Alpay ve Altan hakkında verdiği hak ihlali kararı, yerel mahkemelerce uygulanmamıştı

Anayasa Mahkemesi'nin Şahin Alpay, Mehmet Altan ve Turhan Günay hakkındaki "tahliye" kararları, 11 Ocak'ta gerekçeli olarak kurumun internet sitesinde açıklanmış; karşı oy yazılarının tamamlanması için Resmi Gazete’de yayımlanmamıştı. Buna rağmen İstanbul'daki ağır ceza mahkemeleri, AYM kararlarını "Resmi Gazete'de yayımlanmadığı" gerekçesiyle uygulamamıştı.

Anayasa Mahkemesi ile ağır ceza mahkemelerinin karşı karşıya gelmesi, kamuoyunda tepkilere yol açmıştı. Söz konusu kriz için, "Türkiye hukuk tarihinde ilk", "Mahkemeler tarafsız davranmıyor" yorumları yapılmıştı. Başbakan Yardımcısı Bekir Bozdağ, "Anayasa Mahkemesi, yasa ve anayasanın belirlediği sınırları aşıyor" demişti. Başbakan Binali Yıldırım ise, Anayasa Mahkemesi'nin dosyanın içeriğini bilmediğini savunmuştu. 

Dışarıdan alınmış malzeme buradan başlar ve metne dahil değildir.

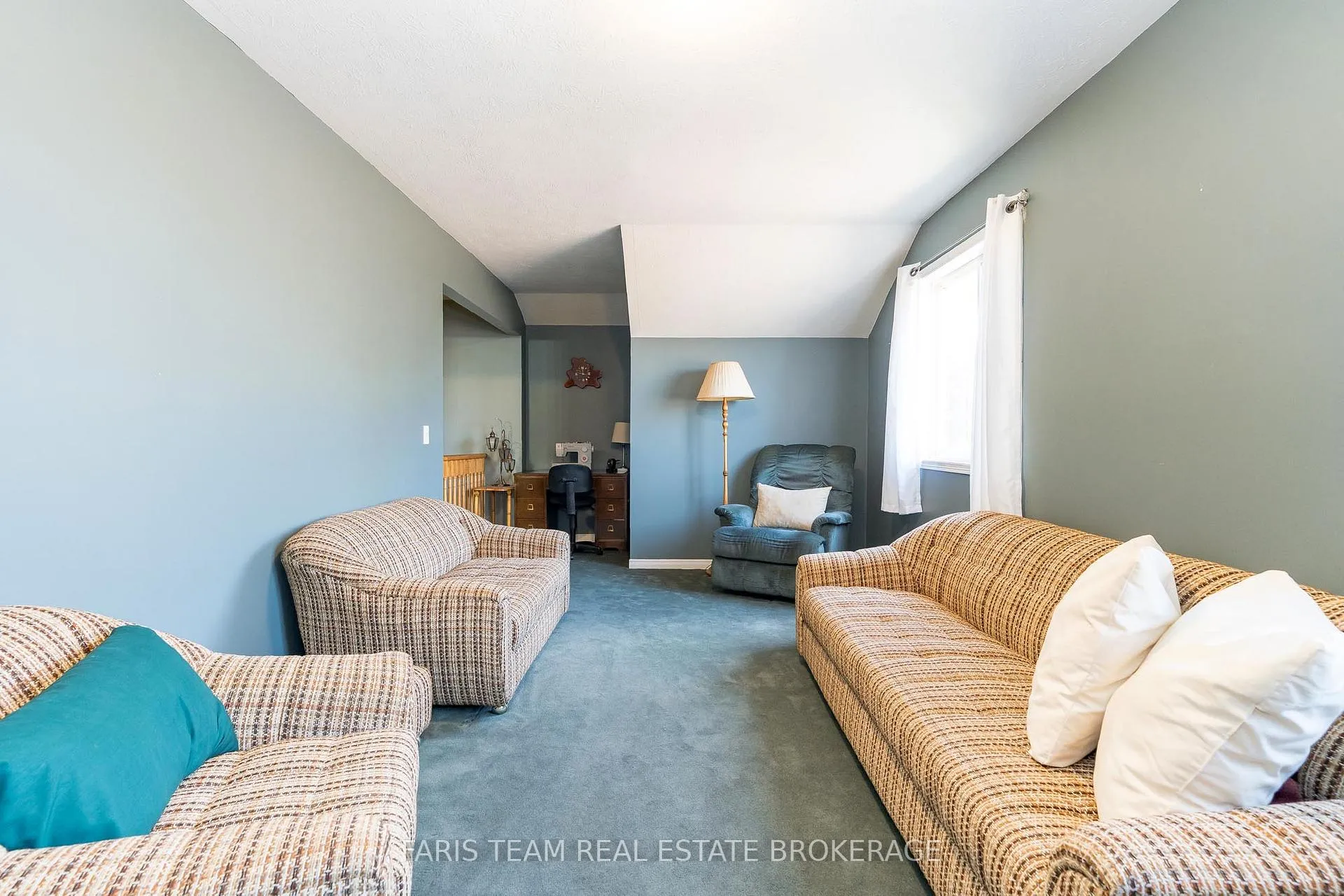 Photo 24 of 9 Julia Crescent, Orillia — HOMEH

Resmi Gazete'de 19 Ocak'ta yayımlanan ihlal kararlarının gerekçesinde, başvurucuların suç işlediğine dair 'kuvvetli' belirtinin yeterince ortaya konulamadığı belirtilmişti. Yazılar ve konuşmalar dışında somut olgu ortaya konmadan yapılan tutuklamanın, ifade ve basın özgürlüklerine yönelik caydırıcı bir etki doğurabileceği ifade edilmişti.

Can Dündar  - Erdem Gül kararına da atıfta bulunmuştu

Anayasa Mahkemesi'nin gerekçeli kararında, MİT TIR'ları haberleri nedeniyle "devletin gizli kalması gereken bilgilerini siyasal veya askeri casusluk amacıyla temin etme", "gizli kalması gereken bilgileri casusluk maksadıyla açıklama", "cebir ve şiddet kullanarak T.C Hükümeti'ni ortadan kaldırmaya veya görebini yapmasını engellemeye teşebbüs etme" ve "silahlı terör örgütüne üye olmaksızın yardım etme" iddialarıyla tutuklanan ve 92 gün cezaevinde kalan eski Cumhuriyet Gazetesi Genel Yayın Yönetmeni Can Dündar ve Ankara Temsilcisi Erdem Gül hakkında verilen "hak ihlali" kararına da atıfta bulunulmuştu. O dönem Cumhurbaşkanı Tayyip Erdoğan'ın "Uymuyorum, saygı da duymuyorum", "Yerel mahkeme bu karara direnebilirdi. O zaman AYM’nin kararı boşa çıkacaktı" dediği karar, şu maddelerde anımsatılmıştı: 

"125. Diğer taraftan halkın özellikle kamuyu ilgilendiren tartışmalara katılımının sağlanması demokratik toplum için vazgeçilmez niteliktedir. Bunun için kamuyu ilgilendiren tartışmalara ilişkin her türlü fikir ve bilginin yayılabilmesi, halkın da bunlara ulaşabilmesi gerekir. Bu bağdamda ifade özgürlüğünün özel bir görünümü olan basın özgürlüğünün demokratik bir toplumda ayrı bir önemi bulunmaktadır. Zira anılan özgürlük sadece basının fikir ve bilgileri yaymasına değil, halkın bunlara ulaşmasına da imkân sağlar."

"126. Şeffaflık ve hesap verilebilirlik de demokratik bir toplum düzeninin gereklerindendir. Demokrasinin sağlıklı işleyişi, kamu makamlarının yalnızca yasama ve yargı organları tarafından değil siyasi partiler, sivil toplum örgütleri ve basın gibi demokratik toplumun vazgeçilmez unsurları tarafından da denetlenmesine bağlıdır. Bu bağlamda basın - kamunun “gözetleyicisi” olarak - farklı kaynaklardan bilgi ve fikirleri yayarak şeffaflık ve hesap verilebilirliğinin sağlanmasına da katkıda bulunur. Böylelikle basın özgürlüğü sayesinde farklı kaynaklardan bilgi ve fikirlere ulaşan kamuoyu, kamu gücünü elinde bulunduranların iş ve işlemlerine ilişkin daha sağlıklı kanaat oluşturabilir."

"127. Ölçülülük ilkesi müdahalenin amac ile bu amaca ulaşmak için kullanılan araç arasındaki ilişkiyi yansıtır. Temel hak ve özgürlüklere yapılan müdahalelerin ölçülü olup olmadığının denetiminde, hedeflenen amaca ulaşabilmek için şeçilen aracın 'elverişli', 'gerekli' ve 'orantılı' olup olmadığı değerlendirilmelidir."